Sometimes I see patterns or trends in what arrives on the bench. A year ago it was RCA 74s, and in spring 2011 it was Electrovoice ribbon mics. And then the summer brought Melodium 42bs. Of course these are just statistical anomalies or ‘blips’ in the random noise of what my customers send me to repair, but it does at least suggest ideas for the regular ‘Microphone of the Month’ column.
|Cadenza microphone set with box, documents and stand
This month these little Cadenza ribbon microphones are in vogue – these were made by Simon SoundService Ltd in London, and were designed by Eric Tomson, Stanley Kelly Peter Bell. The mics have a very 1950s styling, and are often called ‘rocket’ mics. However, having spoken to a couple of customers, the consensus was that many of these microphones no longer sound as good as they should – or at least as good as they look. The complaints are that they are noisy, with low output.
|Cadenza mic transformer under the knife
From a technician’s viewpoint (i.e., my opinion :p), there are a some weak points in the design which all relate to the transformer. Firstly, the ribbon clamps are connected to the transformer simply by winding the wire under a nut and tightening it – really not a reliable long term approach. Secondly, the transformer wires are extremely thin, and half a century later the insulation becomes brittle and tends to break, with disastrous results. It is more common practice to use thick gauge wire for the fly-leads to the primary, to keep resistance and noise to a minimum. And finally, as these thin wires become old and oxidised, the mics become noisy.

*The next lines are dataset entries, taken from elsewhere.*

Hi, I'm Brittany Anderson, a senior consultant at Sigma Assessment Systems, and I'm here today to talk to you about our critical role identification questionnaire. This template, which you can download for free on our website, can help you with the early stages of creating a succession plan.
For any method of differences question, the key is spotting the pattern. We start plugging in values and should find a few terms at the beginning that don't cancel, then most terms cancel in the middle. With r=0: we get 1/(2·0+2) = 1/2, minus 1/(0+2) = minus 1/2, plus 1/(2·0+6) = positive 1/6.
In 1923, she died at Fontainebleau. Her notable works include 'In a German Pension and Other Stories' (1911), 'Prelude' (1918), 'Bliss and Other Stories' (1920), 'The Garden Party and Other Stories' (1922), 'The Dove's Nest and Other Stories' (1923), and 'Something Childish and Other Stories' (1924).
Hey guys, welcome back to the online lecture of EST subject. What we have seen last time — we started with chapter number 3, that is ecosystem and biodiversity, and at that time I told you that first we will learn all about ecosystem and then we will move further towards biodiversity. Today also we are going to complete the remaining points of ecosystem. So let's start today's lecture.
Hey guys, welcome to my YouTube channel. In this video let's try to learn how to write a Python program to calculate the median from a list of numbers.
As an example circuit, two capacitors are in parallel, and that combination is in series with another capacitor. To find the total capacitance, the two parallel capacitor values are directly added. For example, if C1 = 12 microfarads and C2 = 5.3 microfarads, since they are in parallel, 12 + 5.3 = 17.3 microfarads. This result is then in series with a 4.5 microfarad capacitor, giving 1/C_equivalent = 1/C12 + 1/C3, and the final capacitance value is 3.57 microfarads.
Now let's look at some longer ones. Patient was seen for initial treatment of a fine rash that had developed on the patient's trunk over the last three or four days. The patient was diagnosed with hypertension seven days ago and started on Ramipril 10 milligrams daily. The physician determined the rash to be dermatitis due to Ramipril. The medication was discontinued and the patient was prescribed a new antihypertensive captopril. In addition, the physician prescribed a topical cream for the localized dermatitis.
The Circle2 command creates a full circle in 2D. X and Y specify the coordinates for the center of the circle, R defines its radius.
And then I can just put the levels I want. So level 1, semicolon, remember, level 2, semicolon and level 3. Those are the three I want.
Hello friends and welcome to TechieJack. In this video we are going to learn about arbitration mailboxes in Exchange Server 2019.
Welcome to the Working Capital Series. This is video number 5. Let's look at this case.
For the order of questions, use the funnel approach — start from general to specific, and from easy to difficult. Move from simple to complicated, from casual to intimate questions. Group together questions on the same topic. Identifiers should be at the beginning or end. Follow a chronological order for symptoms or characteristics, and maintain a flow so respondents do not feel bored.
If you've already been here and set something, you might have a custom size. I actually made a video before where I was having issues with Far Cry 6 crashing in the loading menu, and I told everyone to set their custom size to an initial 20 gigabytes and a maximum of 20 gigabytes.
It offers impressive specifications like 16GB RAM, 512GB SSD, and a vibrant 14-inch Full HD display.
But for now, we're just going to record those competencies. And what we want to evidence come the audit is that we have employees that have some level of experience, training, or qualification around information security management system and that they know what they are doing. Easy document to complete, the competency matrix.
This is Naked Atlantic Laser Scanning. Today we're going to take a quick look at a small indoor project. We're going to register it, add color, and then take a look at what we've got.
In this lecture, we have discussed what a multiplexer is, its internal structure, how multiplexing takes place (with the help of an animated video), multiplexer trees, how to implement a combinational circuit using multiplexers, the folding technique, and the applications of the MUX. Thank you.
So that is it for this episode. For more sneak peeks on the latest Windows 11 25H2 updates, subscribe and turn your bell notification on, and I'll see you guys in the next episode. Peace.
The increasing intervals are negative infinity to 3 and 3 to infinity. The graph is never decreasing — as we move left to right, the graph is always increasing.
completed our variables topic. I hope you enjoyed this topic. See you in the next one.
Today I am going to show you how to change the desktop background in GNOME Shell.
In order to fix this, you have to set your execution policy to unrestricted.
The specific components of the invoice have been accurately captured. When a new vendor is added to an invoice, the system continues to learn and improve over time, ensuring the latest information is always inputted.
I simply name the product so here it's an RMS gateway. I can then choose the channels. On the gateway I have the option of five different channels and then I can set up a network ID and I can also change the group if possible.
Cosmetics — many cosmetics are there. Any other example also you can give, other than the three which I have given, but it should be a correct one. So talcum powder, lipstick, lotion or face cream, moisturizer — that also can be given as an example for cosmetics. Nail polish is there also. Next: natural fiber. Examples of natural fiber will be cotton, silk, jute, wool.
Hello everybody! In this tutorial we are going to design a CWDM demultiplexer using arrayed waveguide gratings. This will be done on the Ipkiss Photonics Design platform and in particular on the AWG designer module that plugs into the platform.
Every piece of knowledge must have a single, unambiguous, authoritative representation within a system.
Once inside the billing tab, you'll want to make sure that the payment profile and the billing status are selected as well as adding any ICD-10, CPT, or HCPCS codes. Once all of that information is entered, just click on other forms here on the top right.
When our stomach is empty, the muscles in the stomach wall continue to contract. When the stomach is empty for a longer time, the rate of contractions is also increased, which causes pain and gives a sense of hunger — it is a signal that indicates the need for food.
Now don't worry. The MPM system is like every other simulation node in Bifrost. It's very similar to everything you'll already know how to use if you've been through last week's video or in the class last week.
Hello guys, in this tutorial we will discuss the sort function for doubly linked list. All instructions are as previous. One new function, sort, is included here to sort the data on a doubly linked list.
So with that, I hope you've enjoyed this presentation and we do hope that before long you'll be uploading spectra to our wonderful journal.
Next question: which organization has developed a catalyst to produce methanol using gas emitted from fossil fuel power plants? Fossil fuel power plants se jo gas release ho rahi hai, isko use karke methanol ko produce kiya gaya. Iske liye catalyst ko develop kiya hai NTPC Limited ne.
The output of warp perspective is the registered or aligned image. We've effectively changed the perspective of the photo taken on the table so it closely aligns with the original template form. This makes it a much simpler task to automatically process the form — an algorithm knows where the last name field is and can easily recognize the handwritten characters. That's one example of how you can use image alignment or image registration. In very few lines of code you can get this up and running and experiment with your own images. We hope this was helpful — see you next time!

|Cadenza windings – primary (left),
and 30 ohm output (right)
The outer high impedance winding is a very fine gauge (approx. 0.07 mm), below which is a single layer of 0.4 mm wire which makes up the primary. The innermost winding is the 30 ohm output, which is approximately 0.2 mm in diameter. Unfortunately the solvent also damaged the bobbin, and and a replacement was found to make a new transformer using the vintage laminations.
The new transformer has a single 600 ohm output, with thicker gauge wires to give lower resistance. It took some effort but the result is a higher output with a lower noise floor, and the mic is much more usable. I’ll post back with a ‘before’ and ‘after’ frequency plot for comparison.